▸ **THE DATA**:

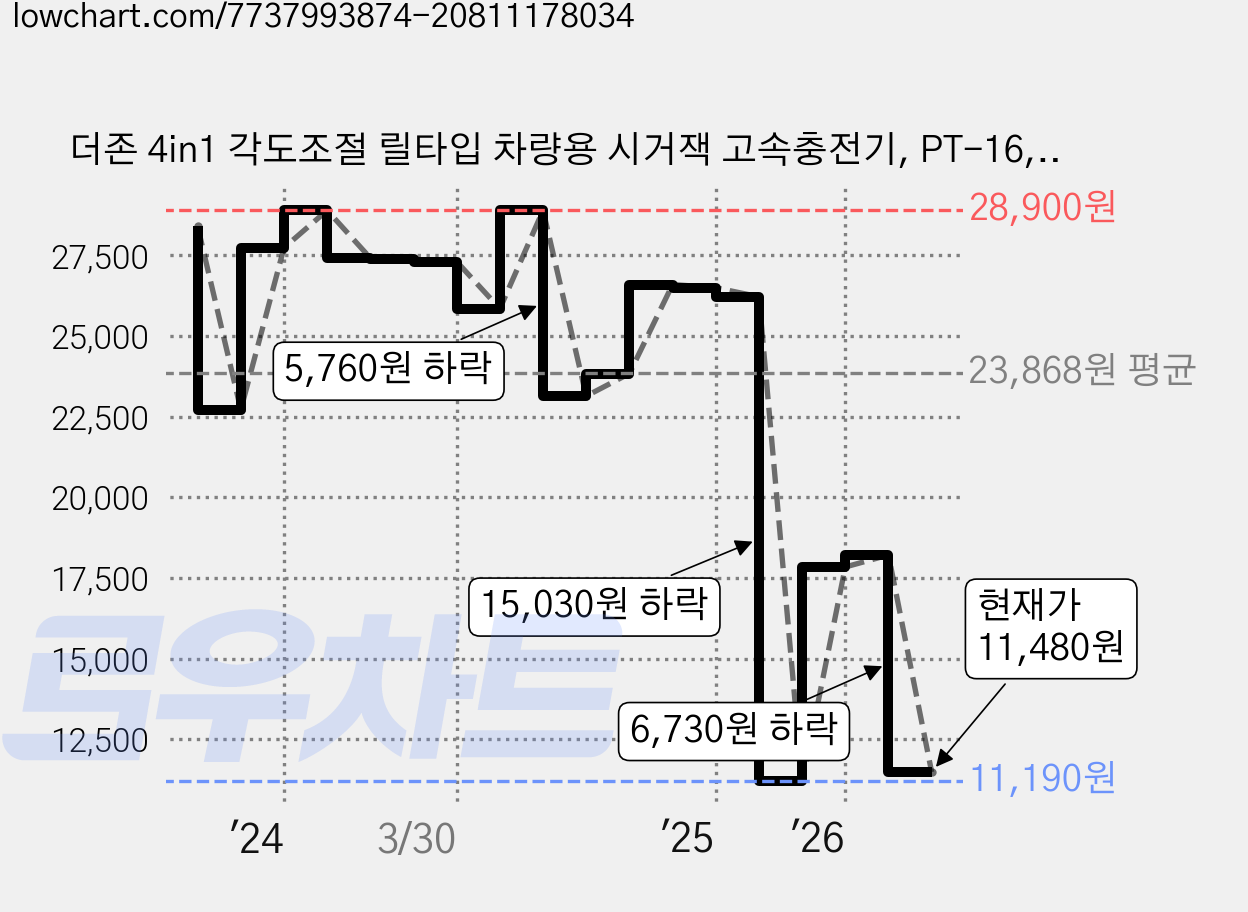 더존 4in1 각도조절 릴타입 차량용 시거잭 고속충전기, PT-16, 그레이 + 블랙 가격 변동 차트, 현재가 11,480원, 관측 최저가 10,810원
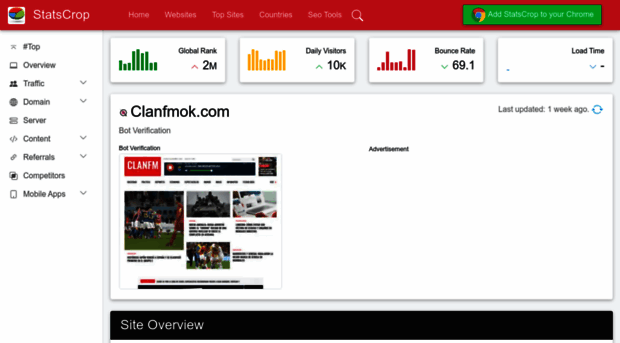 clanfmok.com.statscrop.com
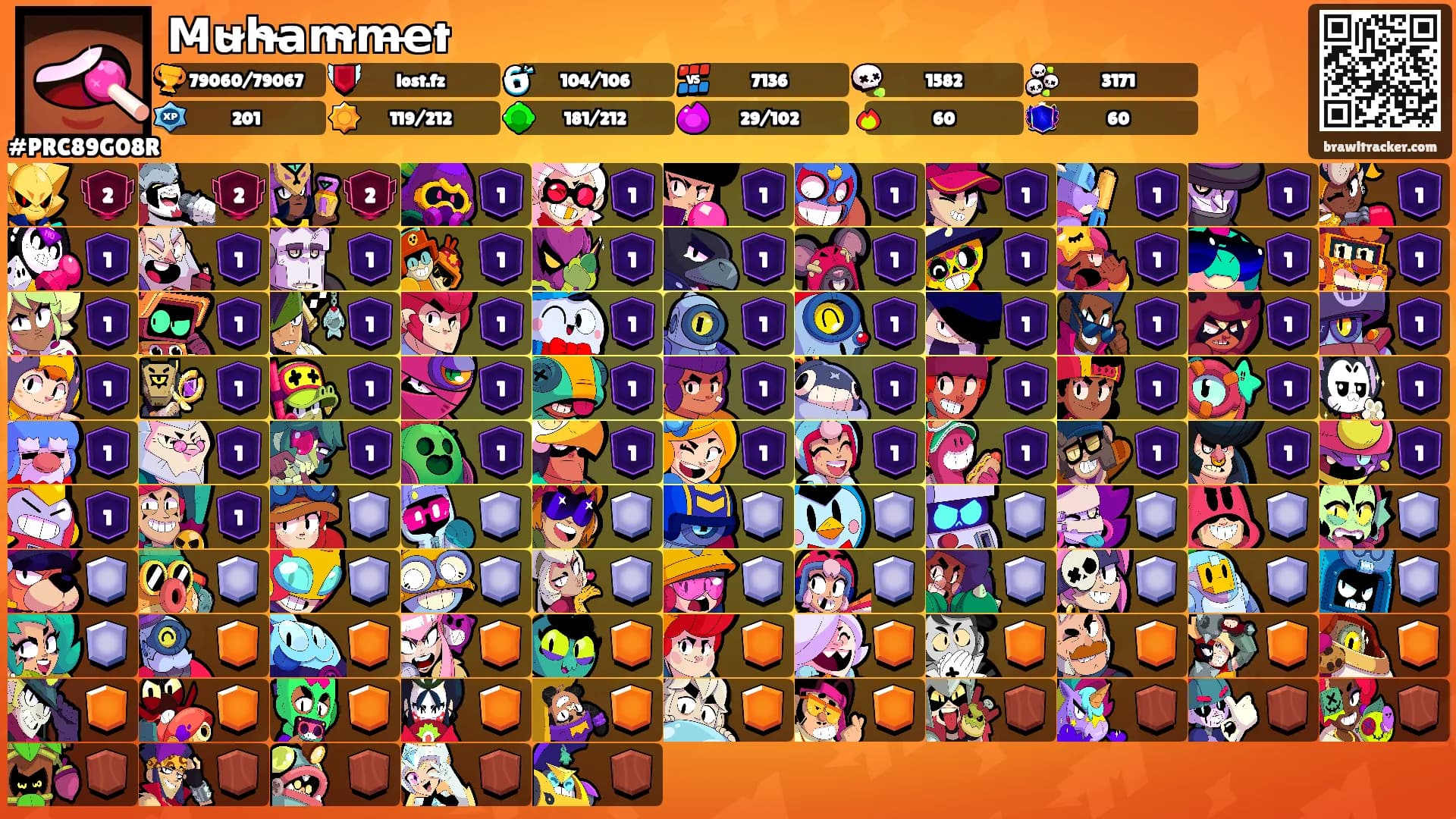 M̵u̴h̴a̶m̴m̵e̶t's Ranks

▸ **TASK DIRECTIONS**: Transcribe the material above in full. No picture is to be copied.

▸ **FINISHED EXERCISE**:
 더존 4in1 각도조절 릴타입 차량용 시거잭 고속충전기, PT-16, 그레이 + 블랙 가격 변동 차트, 현재가 11,480원, 관측 최저가 10,810원
 clanfmok.com.statscrop.com
 M̵u̴h̴a̶m̴m̵e̶t's Ranks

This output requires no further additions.